On the occasion of Rabindranath Tagore’s 150th birth centenary, National Award winning director Rituparno Ghosh is reportedly planning to take forward one of the Nobel Laureate’s short stories. Kabuliwallah could have Amitabh Bachchan in the title role, with Vidya Balan as a grown-up Mini, who the Afghan had wooed as a child with badam pisti and sasur badi (in-laws’ home) jokes.
Says Balan, “Rituda and I have been discussing ideas for the last three years. Let’s see which one happens. Kabuliwallah is my favourite Tagore story, I’ve always wondered what happened to Mini after she got married and really went to her sasur badi; and the Kabuliwallah after he returned home to his daughter in Kabul,” she muses, adding that it would be wonderful to work with Bachchan again. “He’s just bagged a fourth well-deserved National Award for Paa. I feel like a proud mother.”

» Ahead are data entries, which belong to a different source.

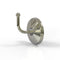 Allied Brass Monte Carlo Collection Robe Hook MC-20-PNI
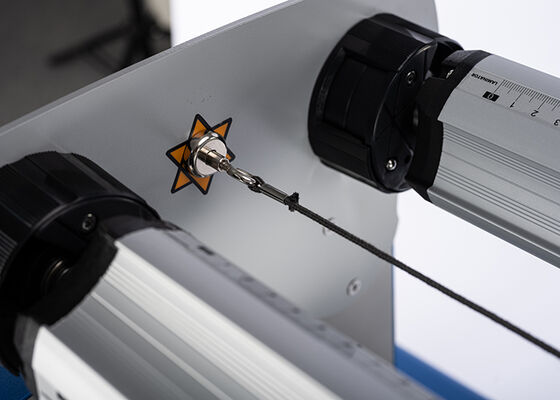 Wide Format Manual Lamination Machine Industrial Manual Cold Roll Laminators 1630mm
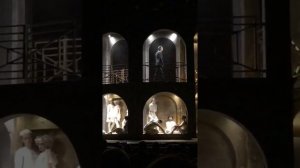 Мюзикл Принцесса Цирка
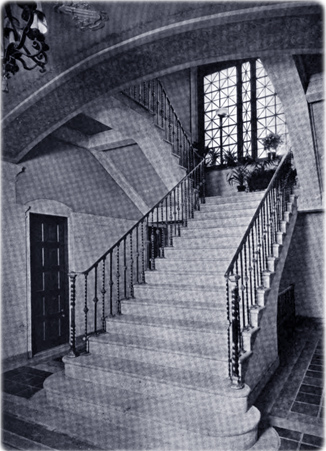 Staircase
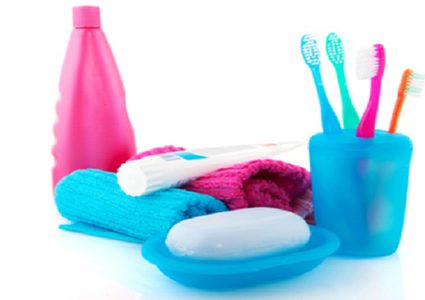 الصابون ومعجون الأسنان وارتباطهما بسرطان الأمعاء!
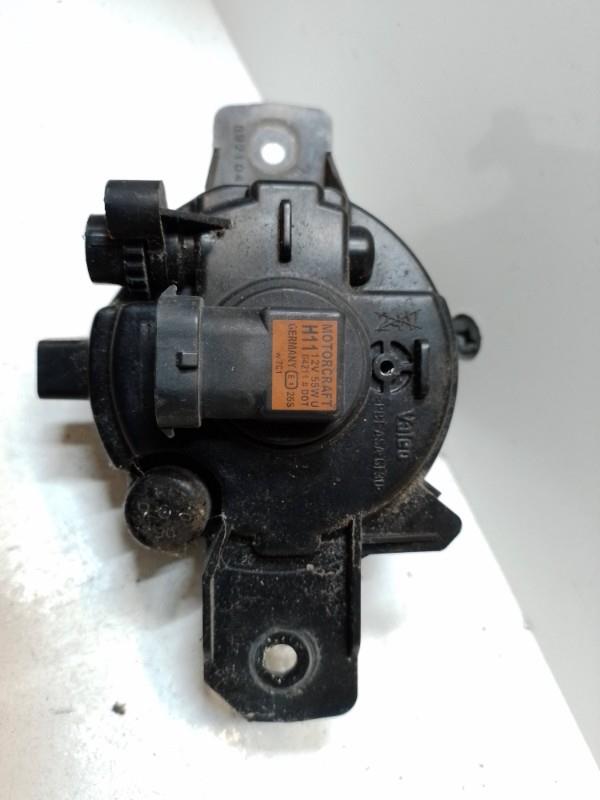 Anti brouillard droit (feux) RENAULT MODUS PHASE 1 Essence - 1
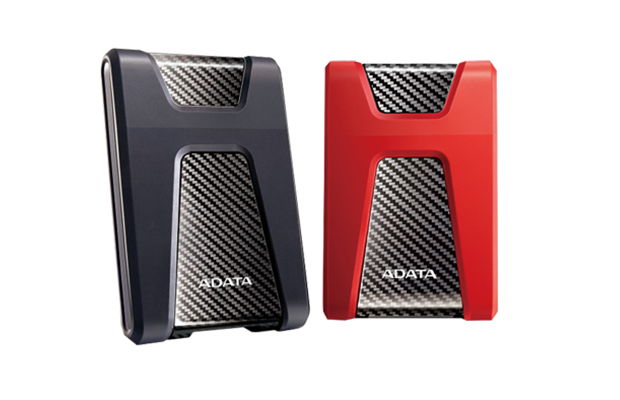 ADATA External Hard Drive HD650 4TB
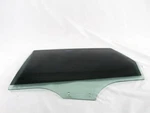 8W9845205 Down Glass Rear Door Left Darkened With Audi Film Usato. Price: $70.33.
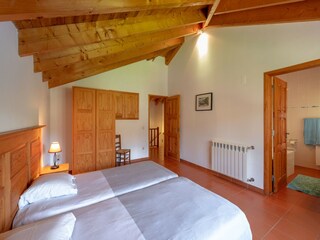 Landhaus Santa Comba Dão Ausstattung 27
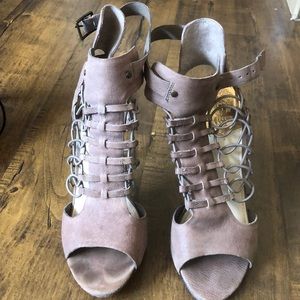 Vince Camuto heels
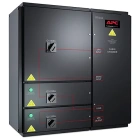 APC by Schneider Electric SYWMBP96K160H2 Настенная панель сервисного байпаса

Vidya is currently in Kolkata shooting for Sujoy Ghosh’s Kahani. She plays a pregnant woman on a mission in this thriller, supposedly inspired by Kill Bill. “Sujoy narrated the script to me a year-and-a-half ago. I’ve seen Kill Bill, there are no similarities with Uma Thurman’s character apart from the fact that I’m expecting a baby who brings hope and ensures that this story doesn’t become too dark,” she argues. “A woman protagonist is rare in Hindi cinema and lends herself to all kinds of references and inferences.”
She’s enjoying her ‘pregnancy’ and loves mimicking the waddle. “Expectant mammas look divine. But I’ve been reading a book on pregnancy and all that about morning sickness, strange cravings and body changes is scary,” she admits. “The knowledge should come in handy some day. I’ve played mother to a 13 year old Auro, but I’ve been told that I won’t know what motherhood is about till the baby actually kicks inside me.”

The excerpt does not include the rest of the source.